The McGuckins of Garfield Bay, Idaho, had fallen on hard times since the head of the household, 61-year-old Michael, took ill. The family’s 40-acre property was auctioned off to pay back taxes. Then Michael died last month. Wife JoAnn, widowed with six children living at home, was in an understandably fragile state. The family turned inward and relied on each other and their faith to survive. They rejected welfare. But on May 29, Mrs. McGuckin reached out.
Local deputies told her she could obtain Social Security benefits if she left the house to make a phone call. It was a cruel ruse. The deputies picked her up, and instead of helping her, they arrested her on a suspiciously flimsy charge of felonious child abuse.
Down swooped the CNN camera crews to cover the aftermath. The children, afraid of being split up, reportedly took up the family guns and sent some of their dogs out to defend against law enforcement officials who had surrounded their home. Eileen O’Connor, a bewildered CNN national correspondent who looked like she had just been dropped off in Kuala Lumpur, stood outside the “compound” during the “standoff” and regurgitated whatever local authorities told her:
— O’Connor described a pack of “vicious, wild dogs” at the “compound.” But according to local Humane Society president Rick Lopes, 10 of the McGuckin’s 22 dogs were newborn puppies. Another was expecting a new litter. Most weighed about 20 pounds, and as Lopes told the Idaho Statesman, the dogs “love kids.”
— O’Connor alluded several times to the McGuckin children being “without food and electricity.” But when examined at the hospital, doctors said the kids were in fine condition and not malnourished as prosecutor Phil Robinson had alleged. Officials were also forced to retract claims that the kids had survived on “lake water and lily-pad soup” and that the “compound” had no power.
— O’Connor also parroted local officials’ claim that Michael McGuckin had died of “dehydration and malnutrition.” But the county coroner refuted the allegation. McGuckin died from complications related to multiple sclerosis.

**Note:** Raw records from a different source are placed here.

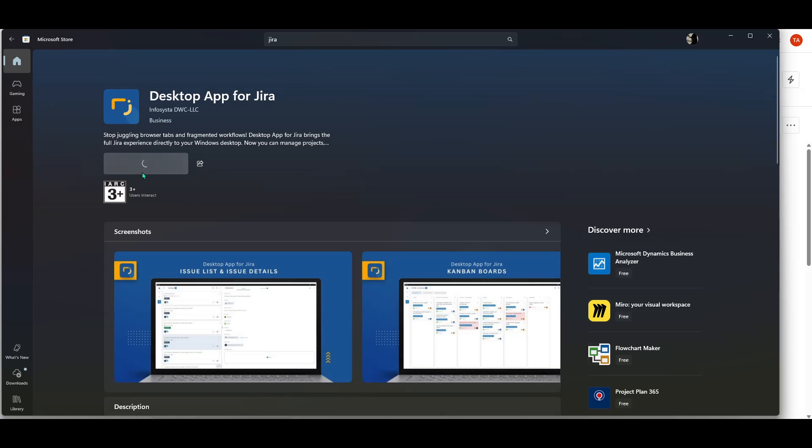And just like that, you're all done. With Jira installed on your Windows computer, you're ready to dive into your projects, track tasks effectively, and keep your team working seamlessly.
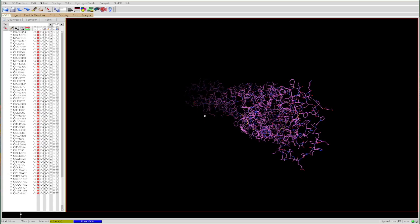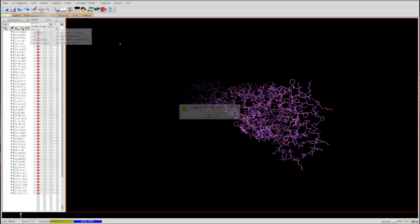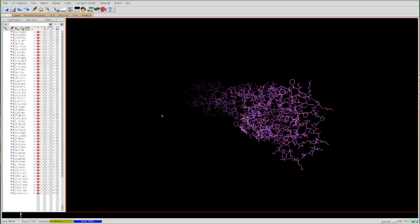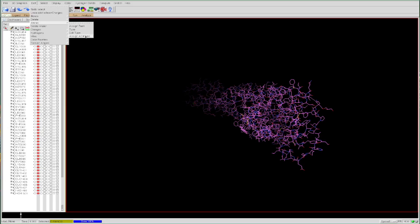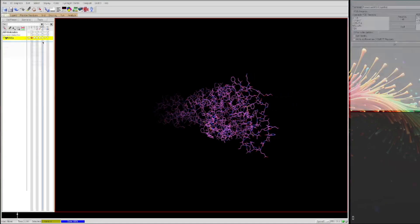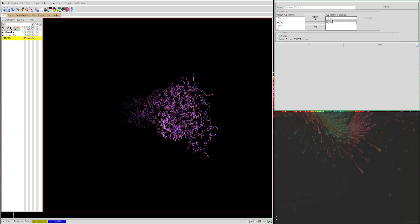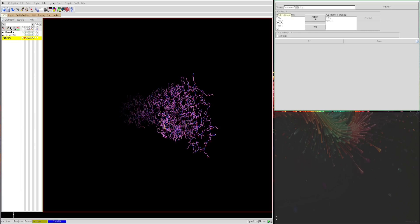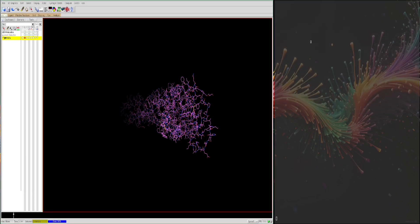In order to prepare the receptor for use in AutoDock Vina, we need to assign a few things to the atoms. First, assign charges by pressing Edit > Charges > Add Gasteiger charges. Then assign an AutoDock element field by pressing Edit > Atoms > Assign AutoDock 4 Type. Finally, save the receptor as a PDBQT file via File > Save > Write PDBQT. Before saving, remove the CONECT records — go to CONECT and press Remove. Then rename the file to 5ht2a.pdbqt and click OK.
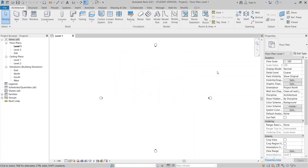Hey, what's up everybody around the world! Welcome back to another tutorial in Revit Global Knowledge. Today I'm going to show you another interesting facade in Revit. If this is your first time visiting my channel, make sure to hit the subscribe button below and turn on notifications to learn more about Revit.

Robinson, the zealous prosecutor, continues to claim that Mrs. McGuckin has a “mental illness” and implies that she is an alcoholic. He has railed against the home’s “filth” — without acknowledging that much of it was probably caused by law-enforcement officials themselves. During the almost week-long siege of their home, the kids were forced to keep their pets inside to keep them from being shot.

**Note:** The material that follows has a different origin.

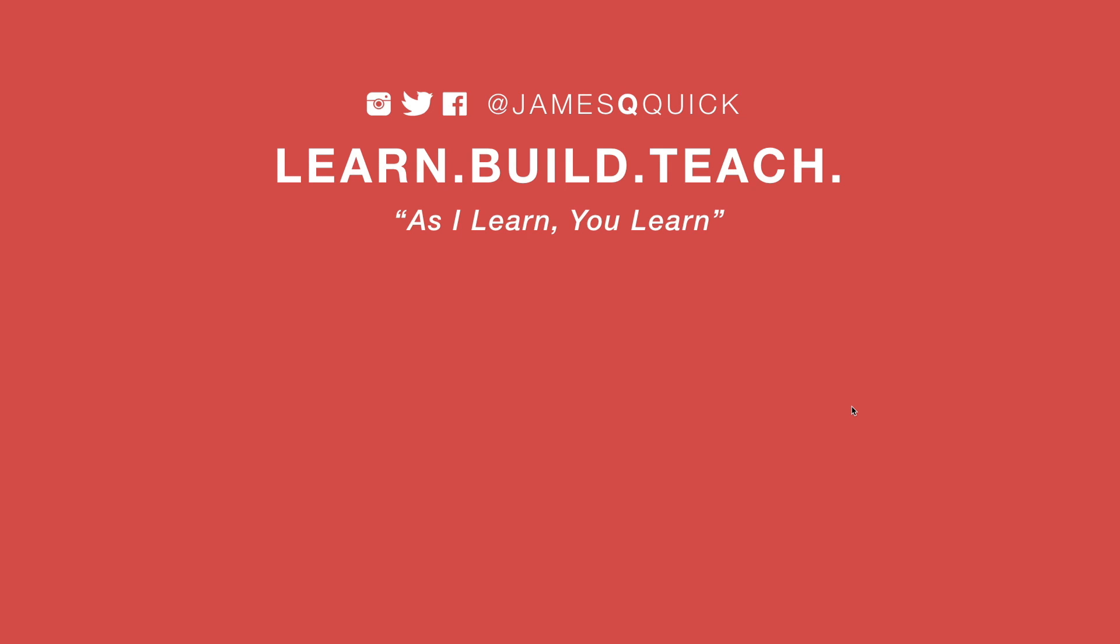Hey guys, if you enjoyed the video leave a thumbs up, subscribe to the channel, and you can check out my newsletter on learnbuildteach.com to get updates on the latest content as it comes out. Thanks for watching.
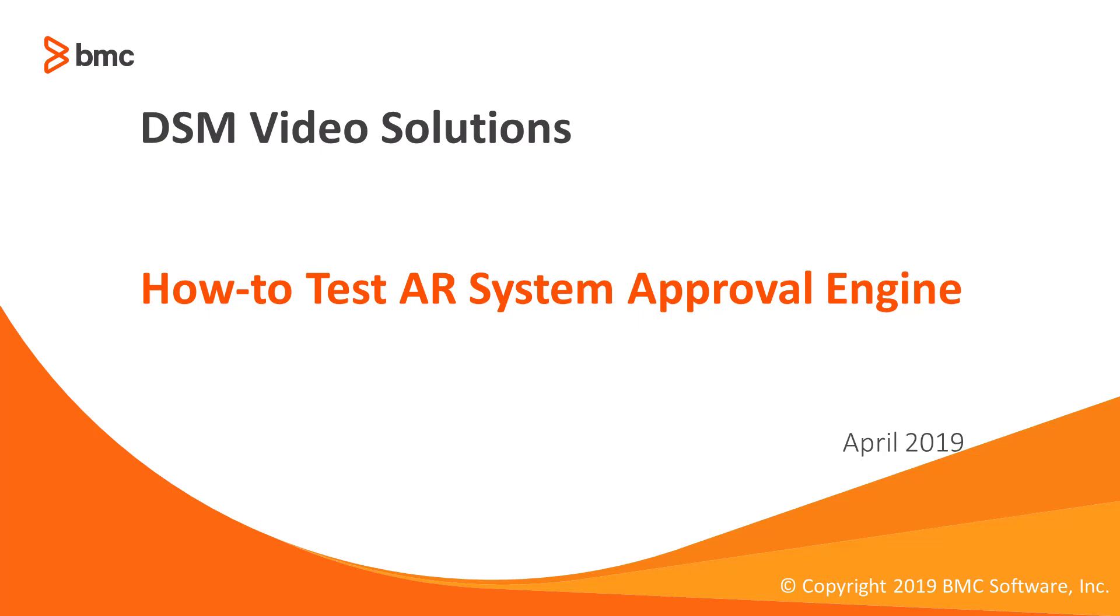Our how to test Remedy AR System Approval Engine video. This is one of the first steps that should be taken when you have an issue with the approvals processing. It can determine if you have a problem with workflow and the application or if the problem actually lies in the approval engine itself and maybe it's experiencing issues.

“The state needs to learn its place — and that is not in family business,” Mrs. McGuckin said in a powerfully lucid statement from jail where she remains today. “I do not accept the charges to begin with. It will be up to them to explain their behavior to everyone because it affects us all. May the public demand some answers as well.”
Don’t expect any from CNN. Their “compound” interest is in ratings and sensationalism, not in accuracy or justice.